Welcome back! We’re so happy to bring your story “There’s Magic in Bread” to our readers. Can you tell us what inspired this story and how it came about?

I’m so glad to be in Fantasy Magazine, with fiction this time! I’d had the idea of a bread golem, and of intertwining a modern story and a pre-Holocaust story for many years, but every time I’d try to write it, I couldn’t figure out the theme the story was about. But after a few months of pandemic, I was feeling helpless—I wasn’t a healthcare professional, I wasn’t going to be able to develop or test a vaccine, etc.—I realized that’s what the story was about: what you do when you feel helpless and all seems lost. Because the thing that helped me was doing something, frankly anything.

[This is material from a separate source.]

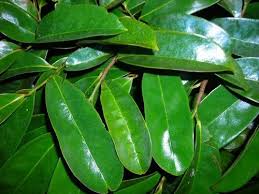 soursoup leaves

I bought a used sewing machine and learned to sew masks. It didn’t help the main problem, which is that there was a pandemic. It didn’t help my second problem, which is that I was high-risk for major complications in a pandemic that people didn’t seem to care enough about. But it did help me feel better. And it eventually led to new options that hadn’t been open to me before, like activism via op-eds in the San Francisco Chronicle. So, into the story that went, and suddenly the narrative gears clicked together.

Your choice to contrast the ongoing COVID-19 pandemic with the Second World War and the Holocaust, to me, felt simultaneously ultra-bold and extremely sensible. What led you to tie those particular times together in this story?

My whole family had to deal with the Holocaust in different ways. Most were able to flee from Eastern Europe. But my grandmother was only eight when she went into hiding with a Christian family in Poland, and the rest of her family was murdered by the Nazis. For as long as I can remember, my family has had the attitude of, “if she can survive that, you can survive this smaller thing that’s happening to you now.” So when I was feeling a lot of despair about the pandemic situation, especially as a person whose disability will very likely be made permanently worse (with very poor quality of life) if I get COVID and especially feeling scared when hospitals were talking about rationing care for disabled folks, I would always remember my grandmother’s story. I was in good shape in comparison—nobody was actively hunting me down to try to give me COVID, and I had the privilege of being able to stay home. I could figure out how to do this. So eventually, in my head, the two events became very intertwined. This story is loosely about my grandmother, who gave me great perspective (by phone, from Israel, just like in the story) early in the pandemic, and who had a family pharmacy (not a bakery) in Poland back in the day.

While this isn’t the first golem story I’ve read since 2020, it is the first that made me tear up. Do you think that there’s a particularly strong resonance among readers and writers for golem stories these days, considering everything?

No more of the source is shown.